Deep Green: The Army's Data Science Competition
Deep Green logo (Photo Credit: Office of Business Transformation) VIEW ORIGINAL

Washington – On June 25, the U.S. Army announced the selection of a team from the U.S. Army National Guard as winner of its premier Data Science Competition, closely followed by a team from the U.S. Army Combat Capabilities Development Command, or DEVCOM, Data & Analysis Center, known as DAC.

The 2021 Deep Green challenge, sponsored by the Assistant Secretary of the Army (Acquisition, Logistics and Technology), or ASA(ALT), through the Office of Business Transformation, known as OBT,  is designed to engage the data analytics community to develop data-driven approaches to solve complex Army problems. Kicked off in January of this year, 15 teams of DOD data scientists, statisticians, engineers and analysts entered the competition to cultivate innovative responses to a unique RAND Corporation-procured data set and predict the materiel readiness of the M2A3 Bradley fighting vehicle.

The competition consisted of an initial stage where participants dug into the data set, applied tools to develop an understanding and created models to fit the data. Based on the quality of the models, challenge organizers identified five teams to compete in a final round and present results.

The two teams from DAC who participated both made it into the final round. A cross-organizational team with representatives from multiple divisions, led by Paul Soper, was runner-up in the overall competition. Analysts included Ryan Barker, Jon Blood, Richard Haberstroh, Alexon Kirksey and Jonathan Zgorski. The second DAC team was led by John Wang.

Among 28 competition-compliant and scorable models received, the two DAC teams submitted four of out five of the top models. Each team was able to submit multiple entries, while receiving rolling feedback and keeping track of their competition placement via a publicly-ranked scoreboard.

“Deep Green is crowdsourcing solutions to help make the business of the Army better. This outcome is proof of DAC’s expertise and can-do attitude,” said Military Deputy Director, Col. Gregory Smith. “Our people get in there and work hard to solve problems. We do this with the vision of making both the warfighter and our Army the most lethal fighting force in the world.”

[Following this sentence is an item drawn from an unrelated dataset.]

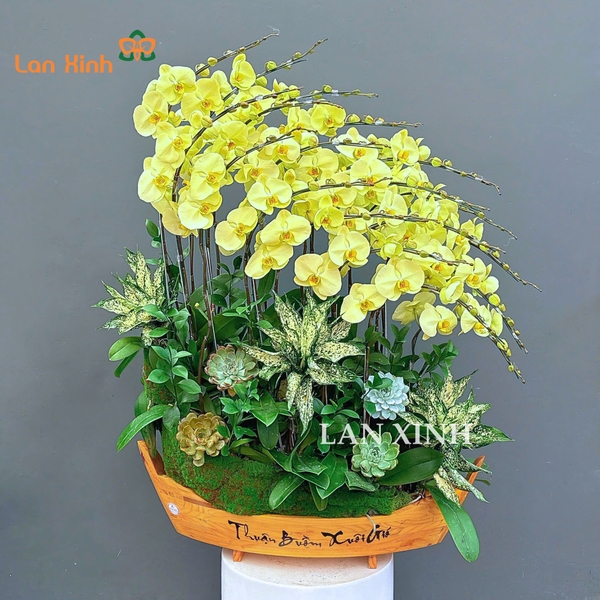 Lan hồ điệp thuyền gỗ màu xanh táo 20 cành - HD621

After finalists were selected on May 20th, the teams presented insights from their modeling efforts to the competition sponsor, emphasizing the factors that they found to be indicative or predictive of equipment readiness for the M2A3 Bradley. The findings help provide recommendations for the ASA(ALT) Operational Sustainment Review process.

According to Bakari Dale, director of the OBT Enterprise Data Analytics Office, the motivating force behind Deep Green is to bring data science communities together to encourage their professional development while working to solve a real problem of immediate import to a sponsor’s mission.

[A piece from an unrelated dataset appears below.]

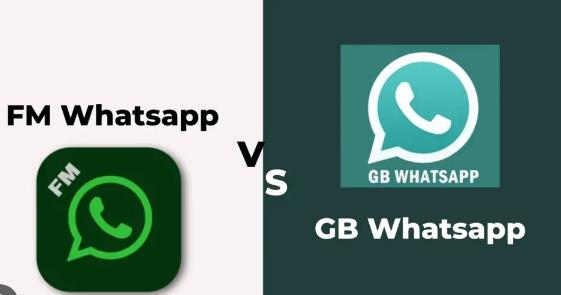 How FM WhatsApp Offers More Than Just Messaging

“This competition is opening the door for DOD analytics experts to expand their data skillsets and help the Army improve business practices and processes,” Dale said. “By examining the materiel readiness of the M2A3 Bradley fighting vehicle, they’re helping us by providing valuable recommendations to the challenge sponsor.”

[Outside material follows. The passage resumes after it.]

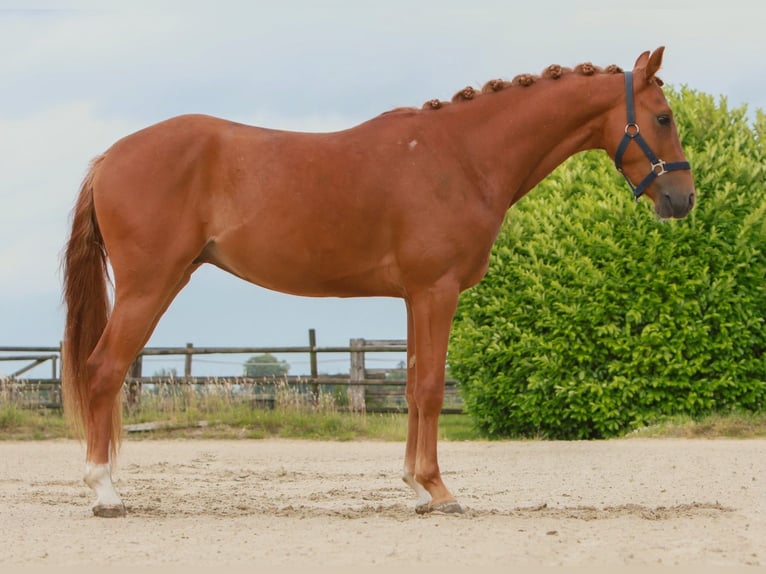 Deutsches Reitpony Wallach 3 Jahre 146 cm Fuchs in T&#xF6;nisvorst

Inspired by the professional development opportunity to apply topics learned from educational ventures to real applications and an interesting new problem, Soper’s team got to work—not just building the models, but familiarizing themselves with new tools and approaches. The Deep Green challenge offered satellite and data science trainings virtually, as well as trainings on DataRobot: a software platform that enables automated machine learning.

Zgorski, who has been with DAC for a little over a year, saw Deep Green as a chance for technical development and an improved understanding of machine learning and DataRobot. “It’s a good way for me to provide DAC with a  with a more diverse skill set, especially since DataRobot is a tool we’ll want to use going forward for multiple different solutions. This is a way to be ready for it in the future.”

For Barker, Kirksey and Soper, the challenge presented a prime venue for learning. “It was definitely a new experience,” said Soper. “There was training in DataRobot and machine learning principles, but also training in time series, which isn’t often covered in academic environments and is very relevant in our world.”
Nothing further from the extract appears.